Instructions to follow
Every entry that follows should be output exactly, and every image in it left out.

Dataset entries
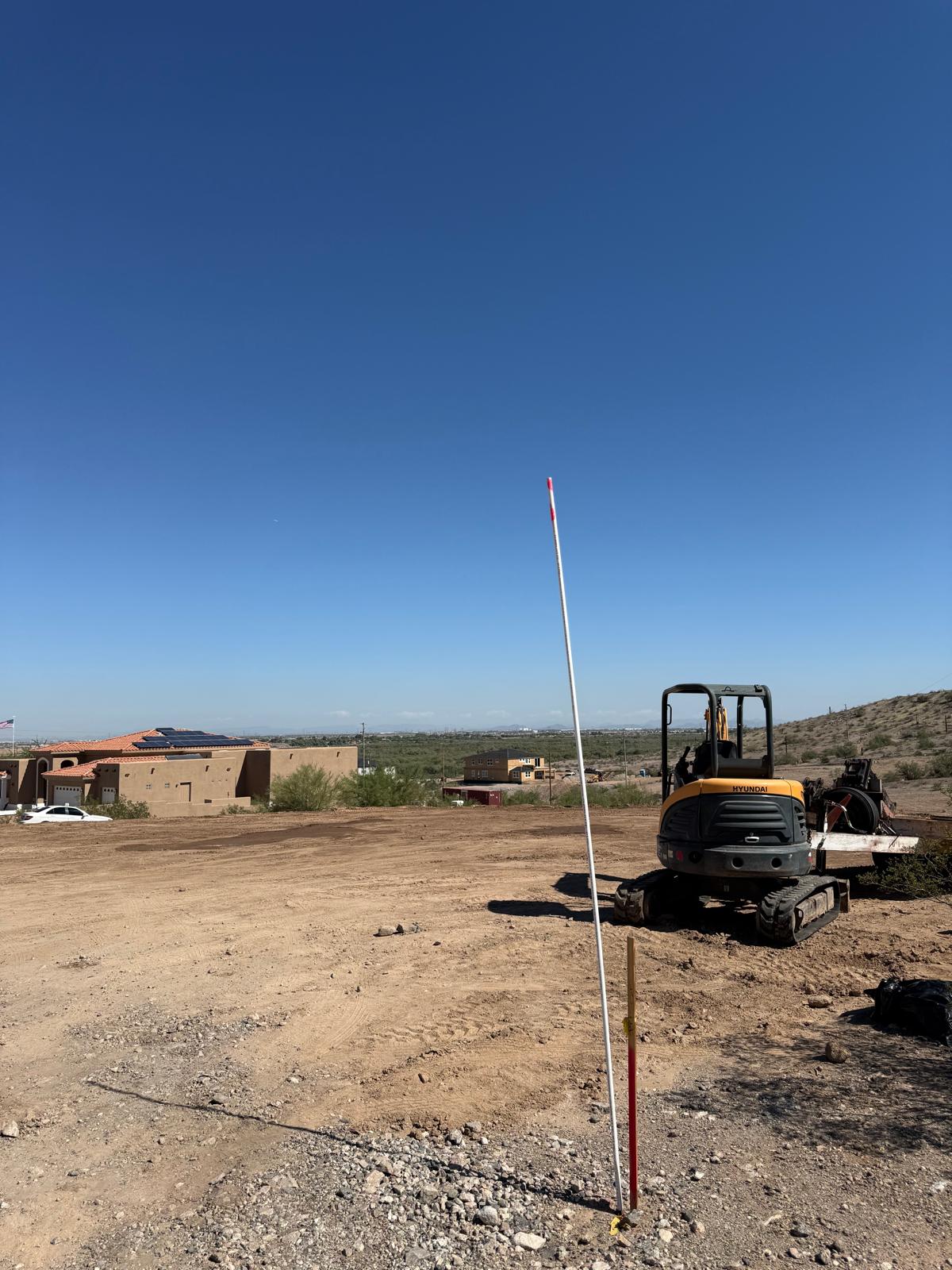 Excavadora y marcador de nivel en el terreno de la Residencia Mediterráneo 5319 sq ft en Goodyear
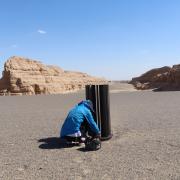 Woman squatting by research equipment in rocky desert-like landscape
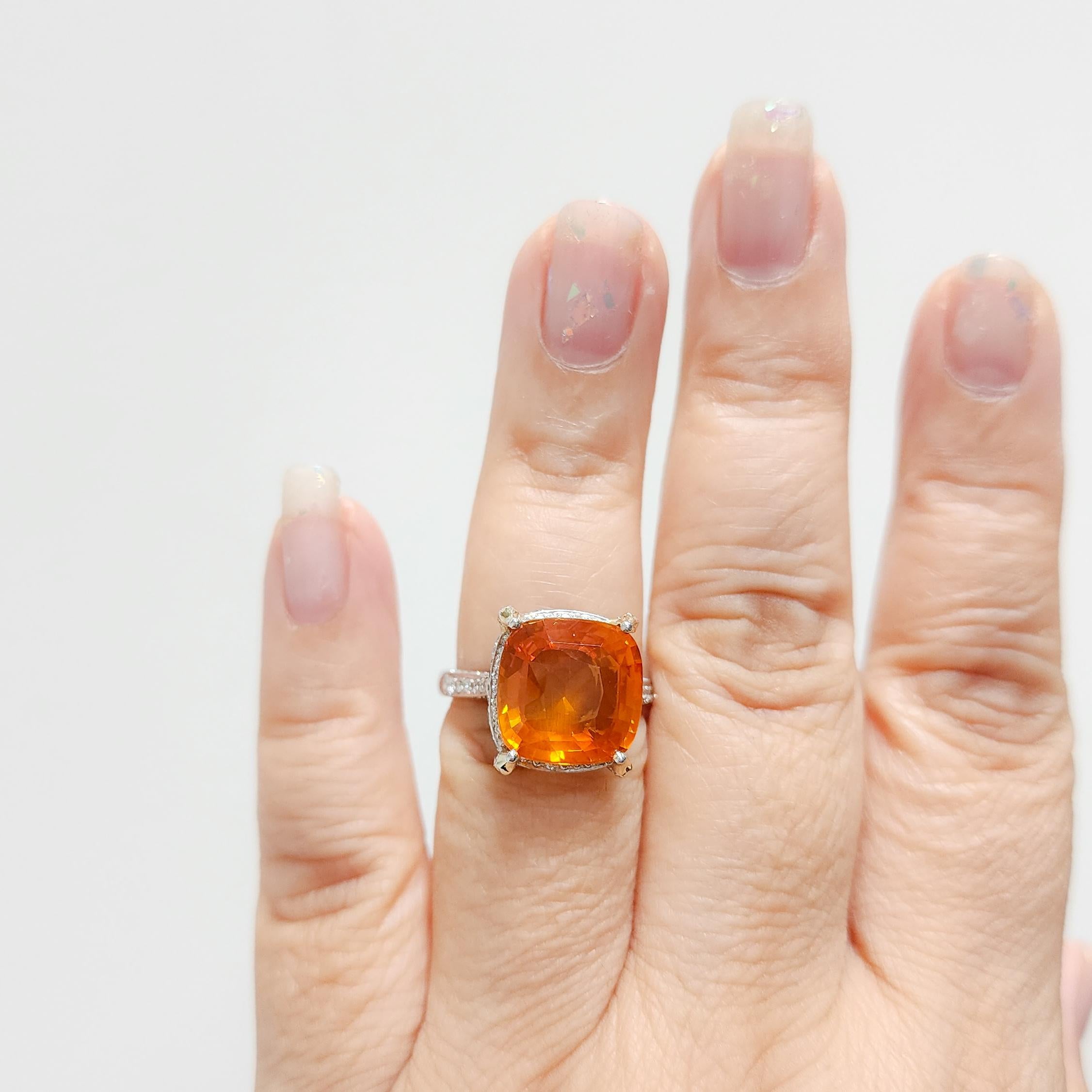 Stunning bright orange 10.29 ct. sapphire cushion with good quality white diamond rounds.  Handmade in platinum.  Ring size 6.75.  GIA certificate included.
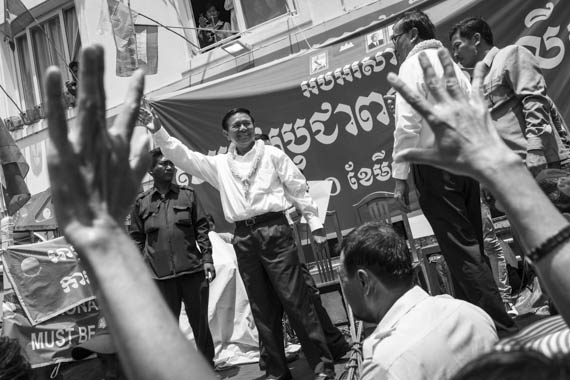 CAMBODIA. Phnom Penh 30/03/2014: Kem Sokha and Sam Rainsy, CNRP co-presidents, address CNRP supporters, after a march to the party headquarters following the commemoration ceremony for the 1997 grenades attack on a political rallye of 200 Sam Rainsy Party supporters during which 16 people were killed and more than 100 wounded.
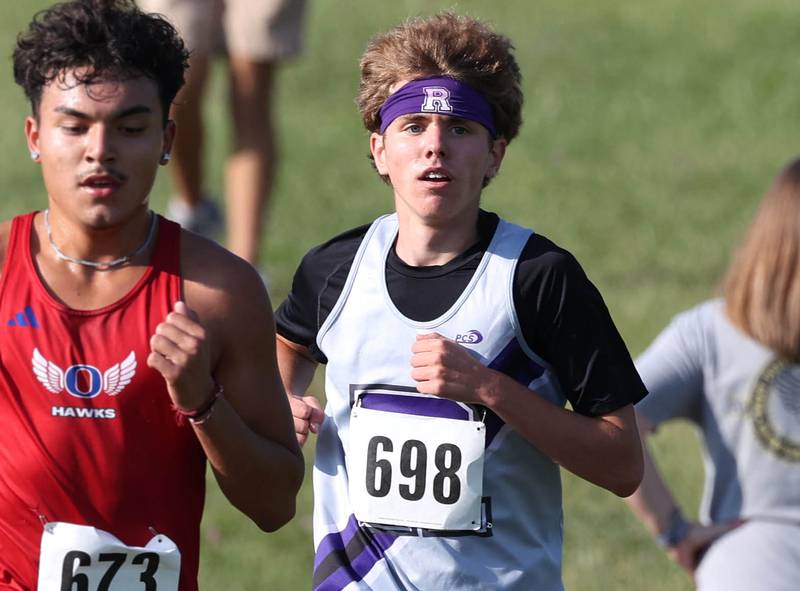 Rochelle’s Tyler Johnson (right) keeps pace with other runners Tuesday, Sept. 2, 2025, during the Sycamore Cross Country Invitational at Northern Illinois University in DeKalb.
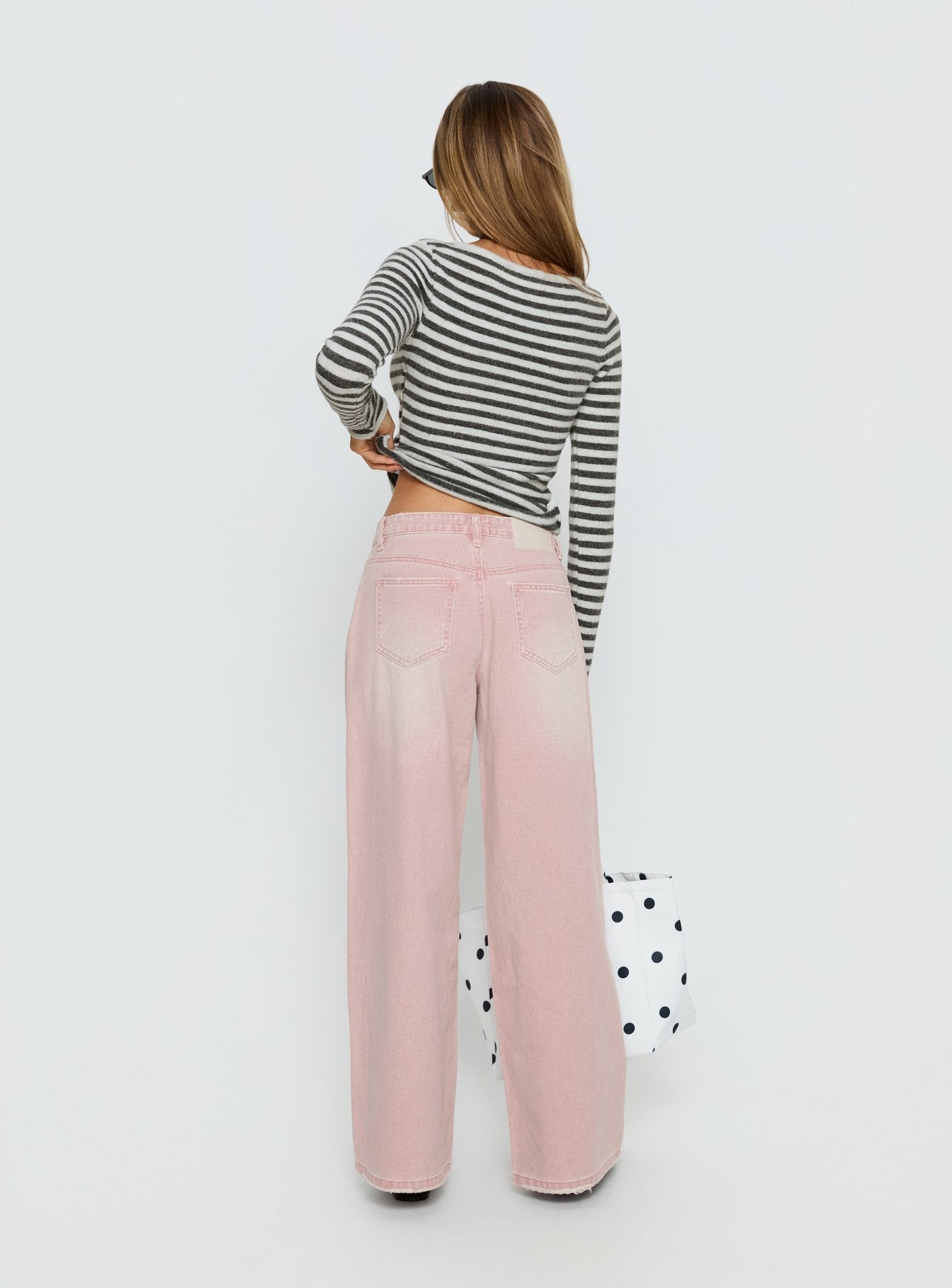 back view of model wearing Princess Polly Lucky Dip Mid Rise Straight Leg Jeans Washed Pink Mid Rise Jeans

Result of this task
 Excavadora y marcador de nivel en el terreno de la Residencia Mediterráneo 5319 sq ft en Goodyear
 Woman squatting by research equipment in rocky desert-like landscape
 Stunning bright orange 10.29 ct. sapphire cushion with good quality white diamond rounds.  Handmade in platinum.  Ring size 6.75.  GIA certificate included.
 CAMBODIA. Phnom Penh 30/03/2014: Kem Sokha and Sam Rainsy, CNRP co-presidents, address CNRP supporters, after a march to the party headquarters following the commemoration ceremony for the 1997 grenades attack on a political rallye of 200 Sam Rainsy Party supporters during which 16 people were killed and more than 100 wounded.
 Rochelle’s Tyler Johnson (right) keeps pace with other runners Tuesday, Sept. 2, 2025, during the Sycamore Cross Country Invitational at Northern Illinois University in DeKalb.
 back view of model wearing Princess Polly Lucky Dip Mid Rise Straight Leg Jeans Washed Pink Mid Rise Jeans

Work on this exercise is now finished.